Los Gobiernos de España e Italia, unidos en bloque, han lanzado un mensaje contundente ante la problemática del Canal.
“No solo hemos querido afrontar el tema, sino dar aquí ante los representantes de la prensa un mensaje muy fuerte”, ha clamado con gesto firme el primer ministro italiano Enrico Letta, que copresidía con su homólogo español una cumbre económica entre los dos países.

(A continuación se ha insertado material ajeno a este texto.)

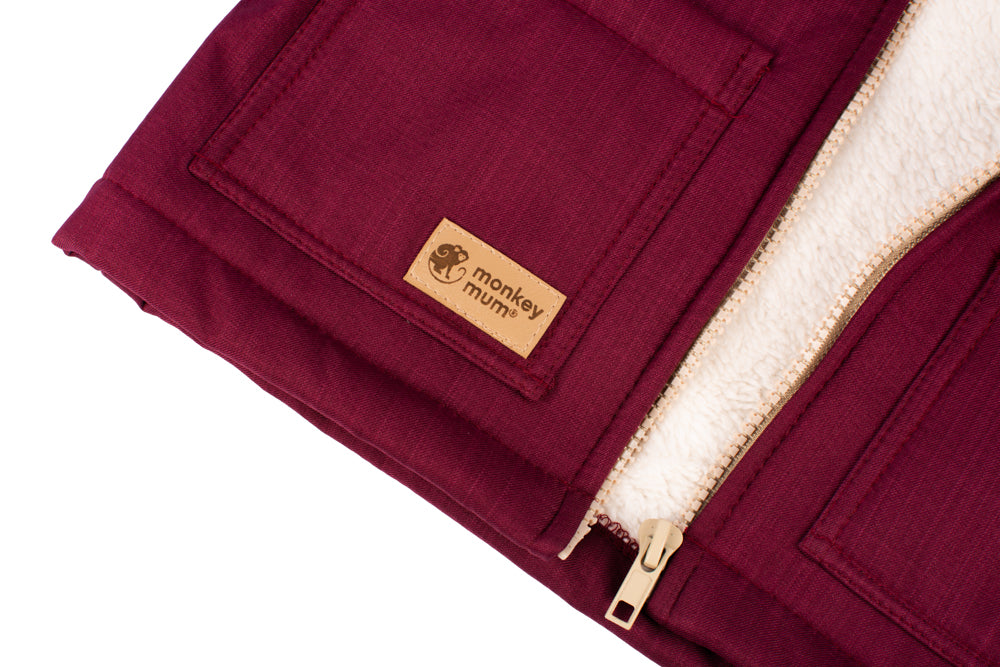 Giacca softshell invernale per bambini con agnello Monkey Mum® - Cappuccetto Rosso bordeaux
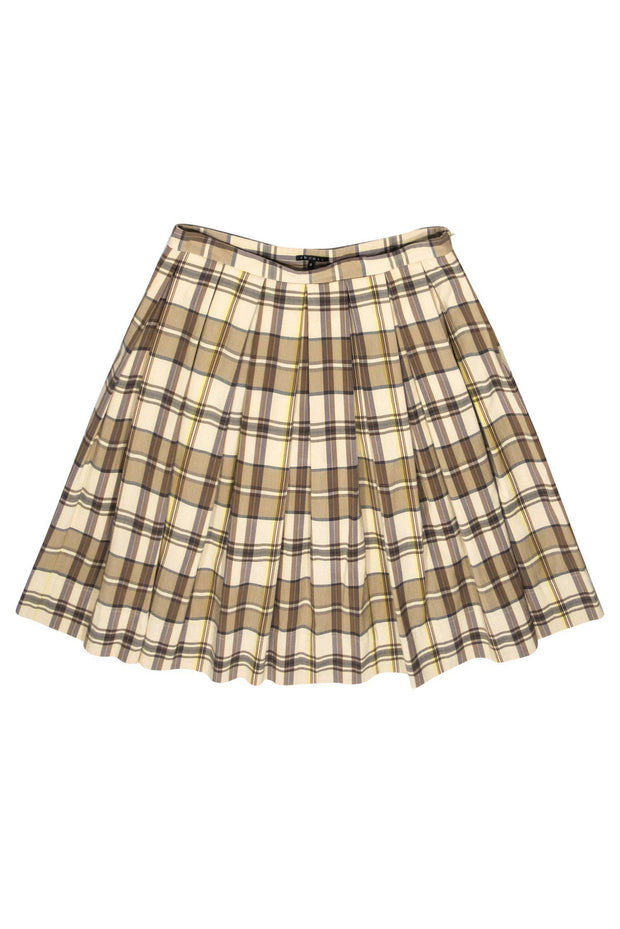 Current Boutique-Theory - Beige, Grey & Yellow Plaid Pleated A-Line Skirt Sz 8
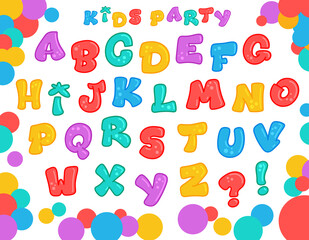 Colorful cartoon kids font for funny inscriptions
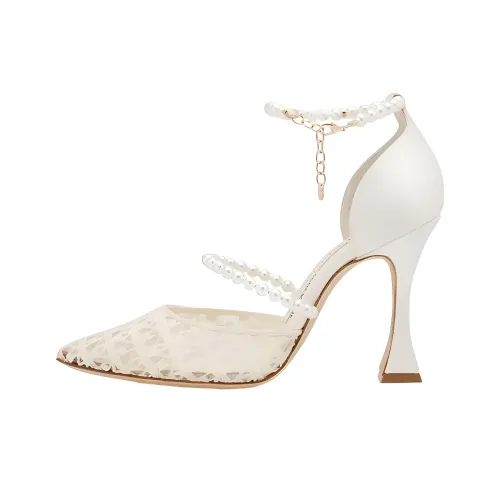 MANOLO BLAHNIK Нестандартный каблук Высокие каблуки 10,5 см Женские Слоновая кость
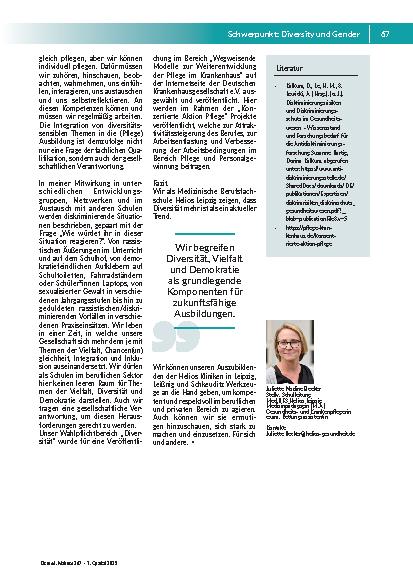 Vorschauseite 3: Diversität in der Pflegeausbildung. Eine Notwendigkeit für die Zukunft der Gesundheitsversorgung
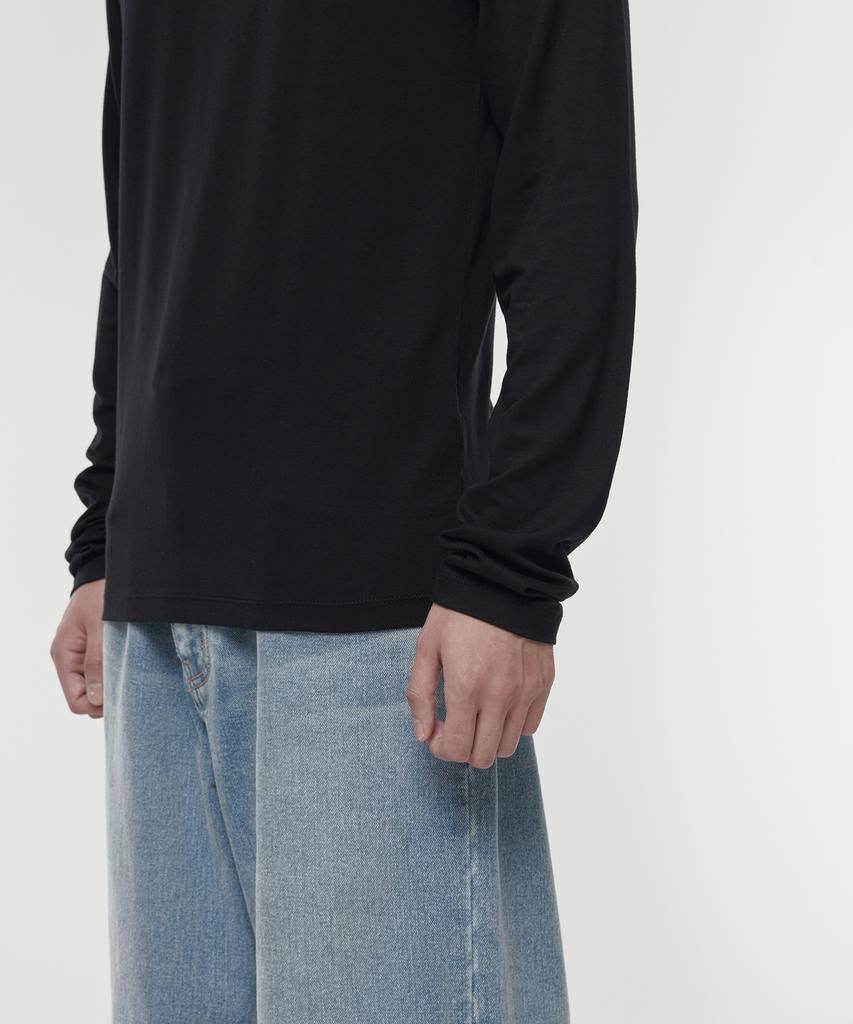 MUSINSA STANDARD Tencel Slim Mock Neck Long Sleeve T-Shirt [Black]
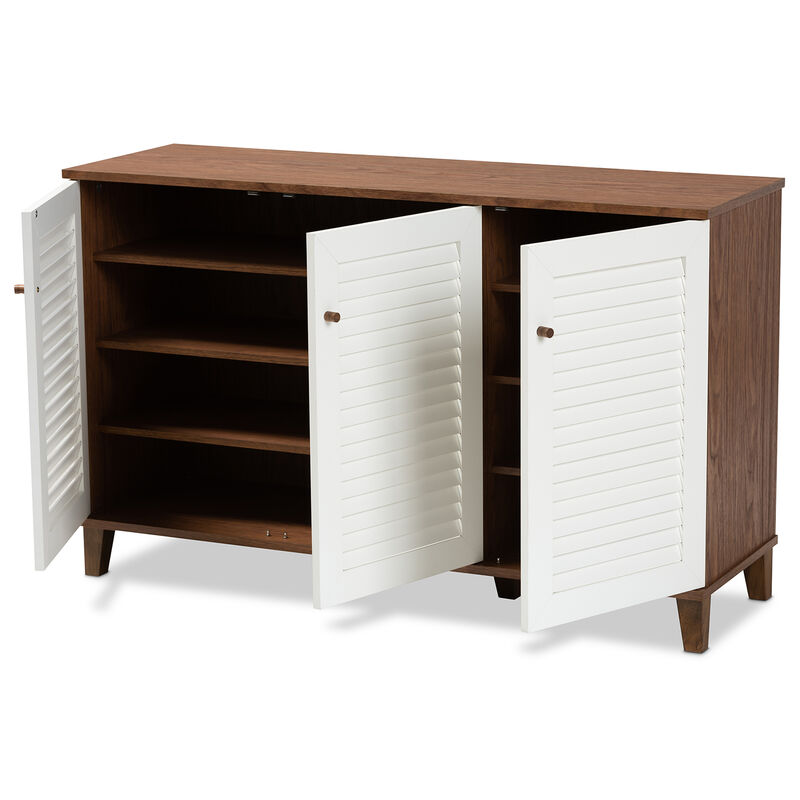 Baxton Studio Coolidge Modern and Contemporary Walnut Finished 8-Shelf Wood Shoe Storage Cabinet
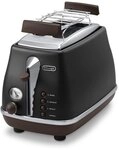 De'Longhi Toaster Icona Vintage CTOV2103.BK - 2-Schlitz-Toaster mit Br&ouml;tchenaufsatz,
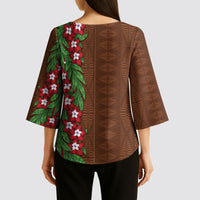 Tonga Language Week Kimono Sleeve Blouse Heilala Floral Brown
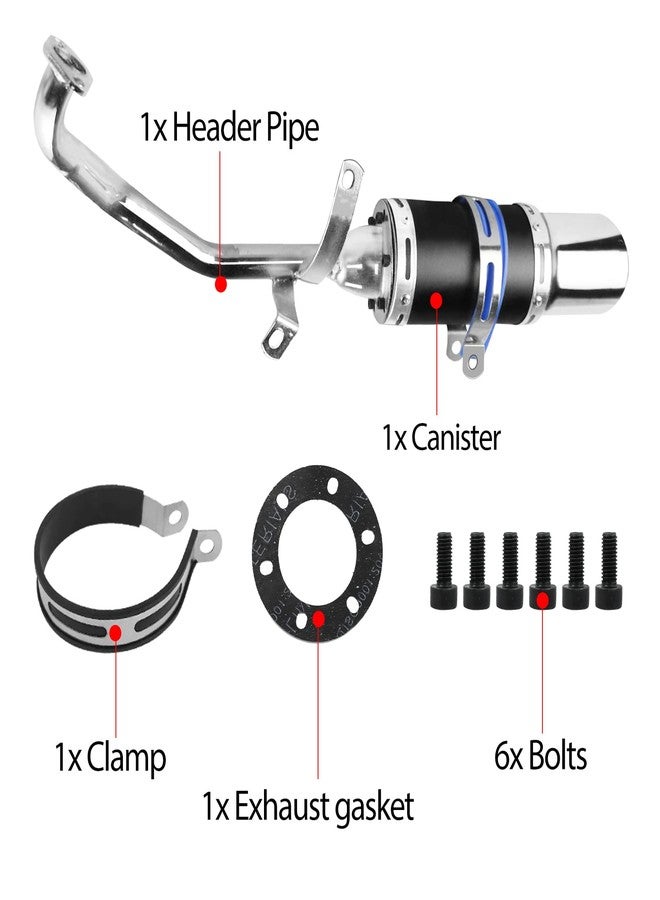 FLYPIG High Performance GY6 150cc Muffler Exhaust Pipe kit Replace for System Shorty GY6 125cc 150cc 152QMI 157QMJ ATV 4 Stroke Chinese Scooter Moped ATV Go Kart (Black) - Image 5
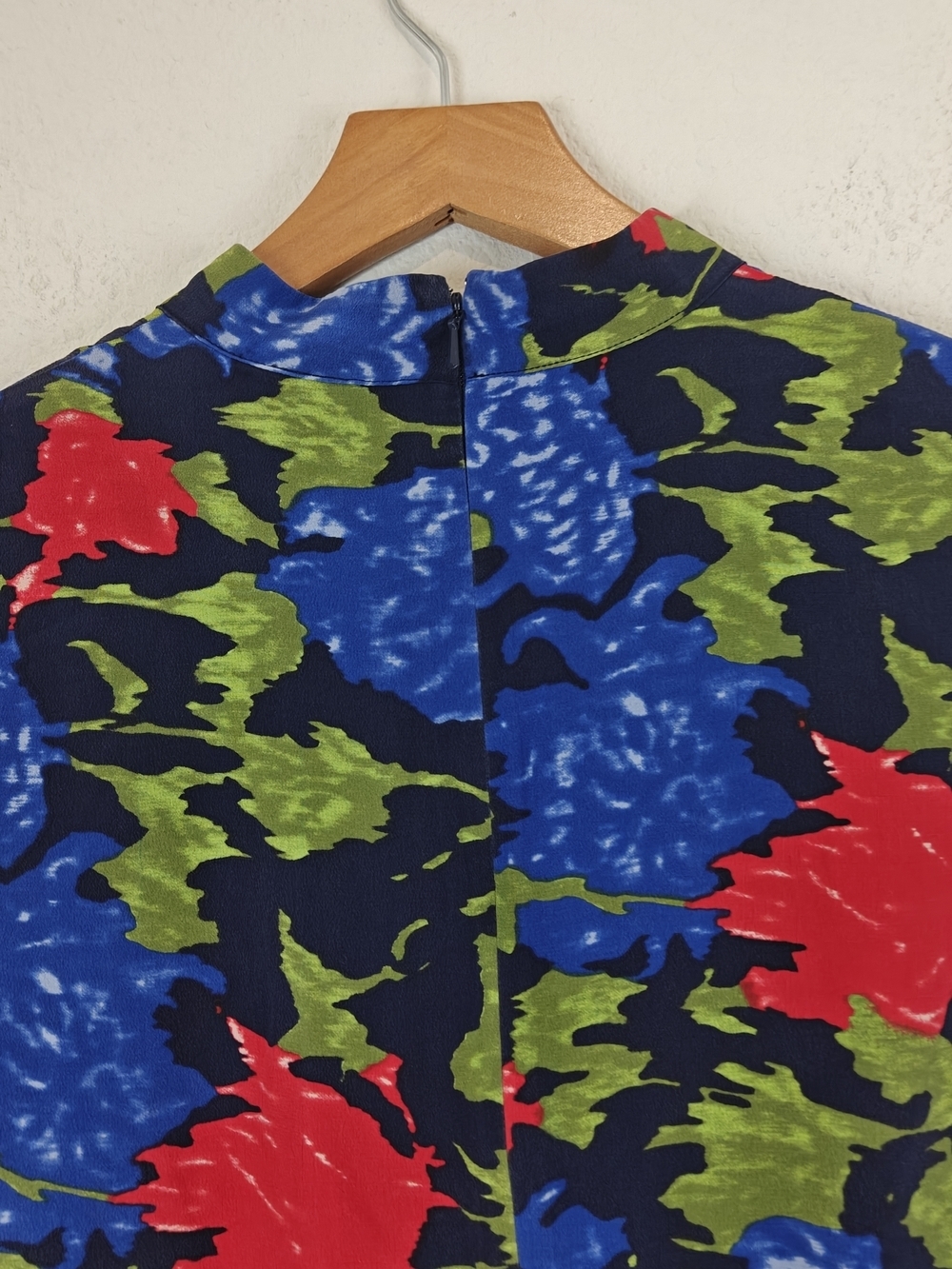 J. Peterman Silk Midi Dress Bold Floral Keyhole Neck 3/4 Sleeve Sz 16 Statement - Picture 14 of 15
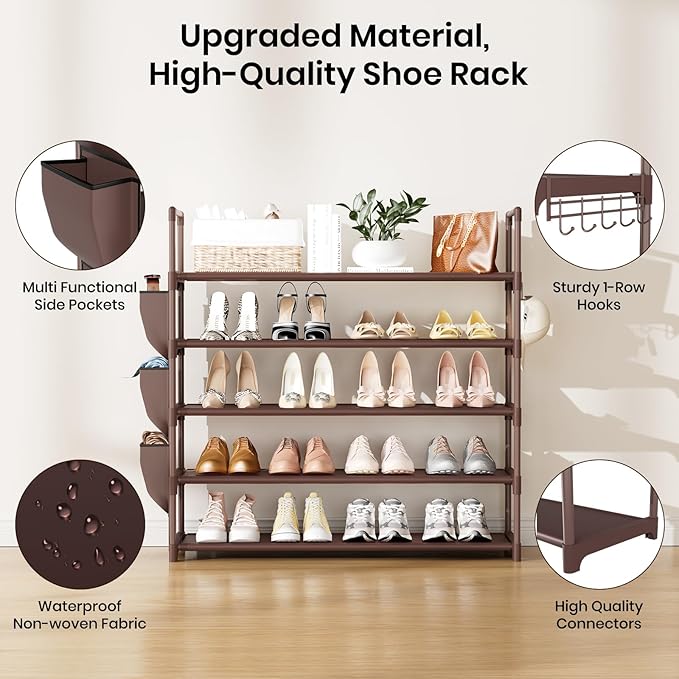 Shoe Rack for Closet Shoe Organizer Space Saver Storage for 20-25 Pair Shoe Shelf with Hook and Side Pocket Free Standing 5 Tier Shoe Rack Organizer for Entryway,Small Spaces, Brown
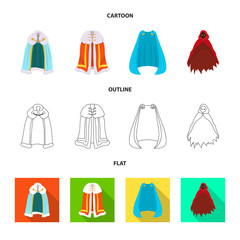 Vector design of material and clothing icon. Collection of material and garment vector icon for stock.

En este sentido, Letta ha agregado que cree que “llegará con la misma fuerza hasta Panamá”.
El primer ministro italiano, que ha sido el primero en hablar sobre el Canal, ha explicado que los ministros de Fomento de ambos países “están trabajando juntos” y ha matizado que “les hemos pedido que sean activos y presentes en lo posible ante un ´dossier´ que representa una de las emergencias prioritarias”.
El presidente del Gobierno español, Mariano Rajoy, por su parte, se ha mostrado esperanzado en que se llegue pronto a una solución y ha comentado que el “bloqueo de los trabajos sería un perjuicio grave y no debería producirse”.
Como si de un altavoz cuyo sonido pudiera cruzar el Atlántico, Rajoy y Letta han clamado al unísono que el acuerdo tiene que llegar cuanto antes. “Una solución ya sea rápida, como justa y ecua”, así ha detallado el mandatario italiano el trío de ingredientes indispensables para la receta de la solución.
El gobernante español ha declarado que “siguen de cerca las negociaciones en curso” y ha añadido, convencido, que cree que “se va a lograr una solución rápida y pronto”.
Hoy se reinician las conversaciones entre los representantes de la vía interoceánica y Grupo Unidos por el Canal- integrado por la italiana Salini - Impregilo, la española Sacyr, la belga Jan De Nul y la panameña Constructora Urbana, S.A.
Se busca un acuerdo que, bajo los parámetros del contrato, permita inyectarle liquidez al consorcio responsable del tercer juego de esclusas.
GUPC trabaja actualmente a un 25% de su capacidad.